After walking a circle around the Petronas Towers, I was ready to call them the most beautiful skyscrapers to be built in the last 25 years. Maybe even the last 75. I mentally catalogued the influences I saw in their design. Art Deco and the streamline look from the ’30s. Angkor Wat’s textured, tapering spires. The Chrysler building’s gleaming metal decoration. Steampunk detailing. And yet despite all these themes, the structure is not a hodge-podge of design. It works so well because it looks to the past and the future in equal measure.
The towers can be seen from all over Kuala Lumpur.
They drew me closer.
When I finally arrived, I was hamstrung by the scale of the place. How do you take a picture of something that large?
I found myself appreciating the building by focusing on its details. I could imagine cars from the 1930s pulling up beside these Deco-influenced exteriors.

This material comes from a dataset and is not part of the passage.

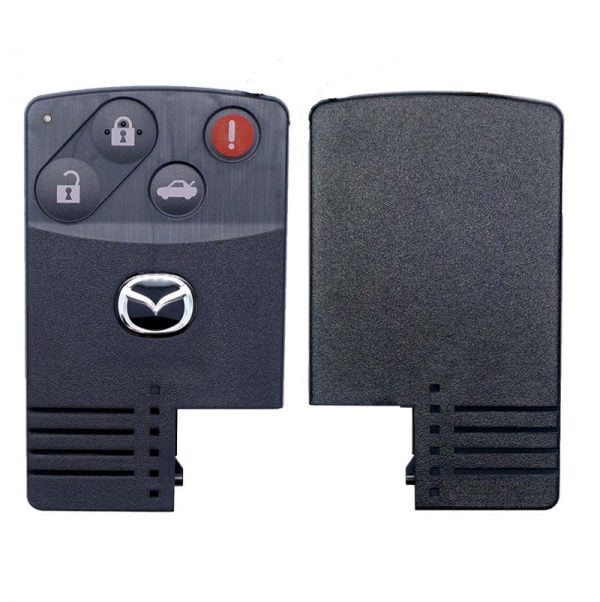 2006-2011 MAZDA 4B KEYLESS ENTRY SMART CARD BGBX1T458SKE11A01 NFY7-67-5RYB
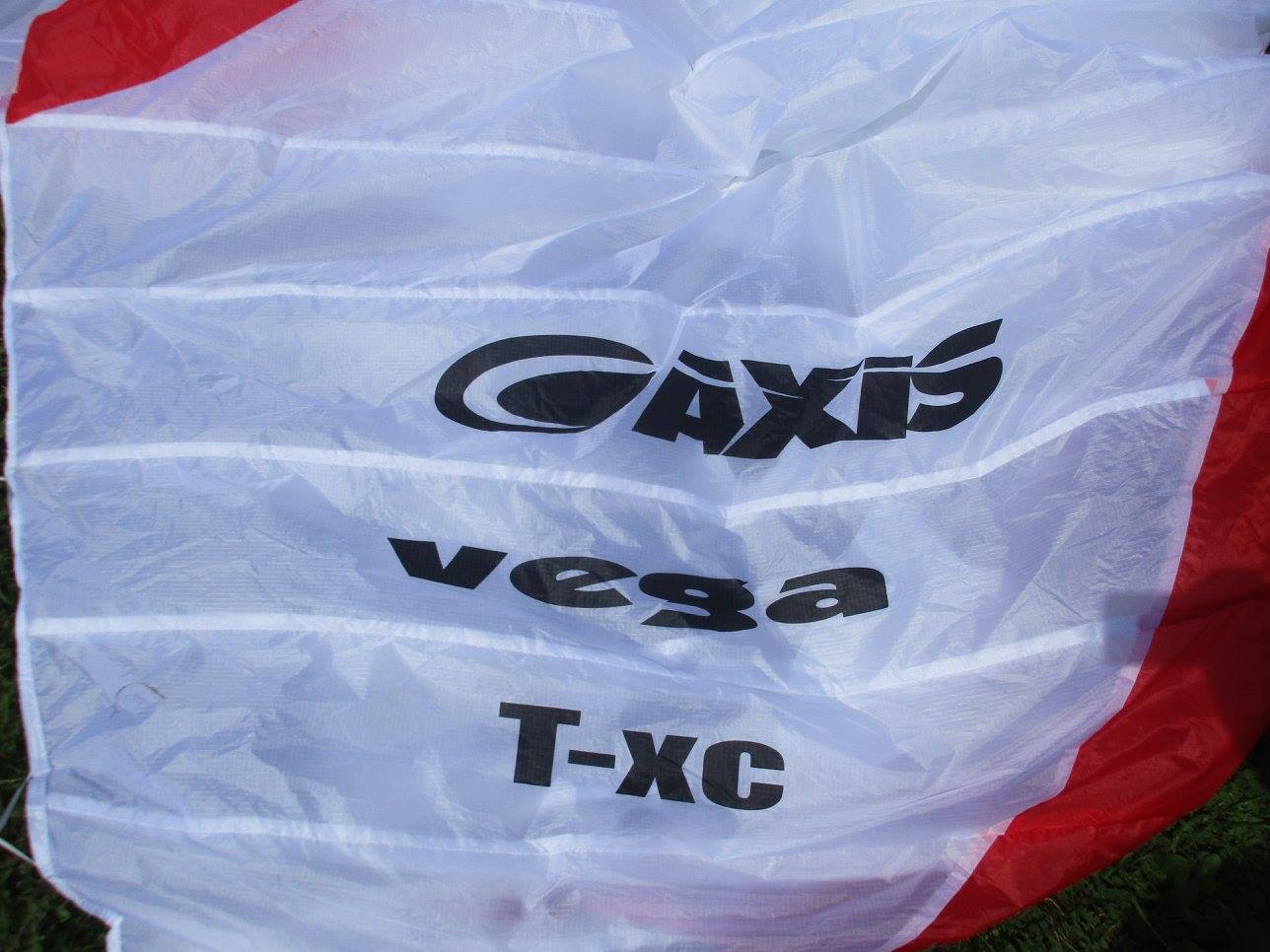 Axis Vega-XCT - Vega XCT - тандемный параплан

The brushed stainless steel (?) exterior is nicely balanced between shiny and matte. It attracted these strange-looking bat-shaped moths.
And though I didn’t get a picture of it, the building looks terrific at night, when white spotlights make the complex gleam like precious metal.
Inside the towers is a huge mall with high-end Euro-merch on the ground floor and mass market brands on the upper upper floors. I normally don’t venture into such places, but there was a store there I’d read about and had to visit. It did not disappoint. Kinokuniya Books is the biggest and best bookstore I have found so far in Asia. I spent just an hour there, but easily could have made it a day. Sadly, I’m keenly aware how much books weigh and how few I could take back to the States without paying megabucks in overweight baggage fees. But just being in a comprehensive bookstore after more than a year of going without reminded me of how much I both love and hate being confronted with all the books I haven’t read yet.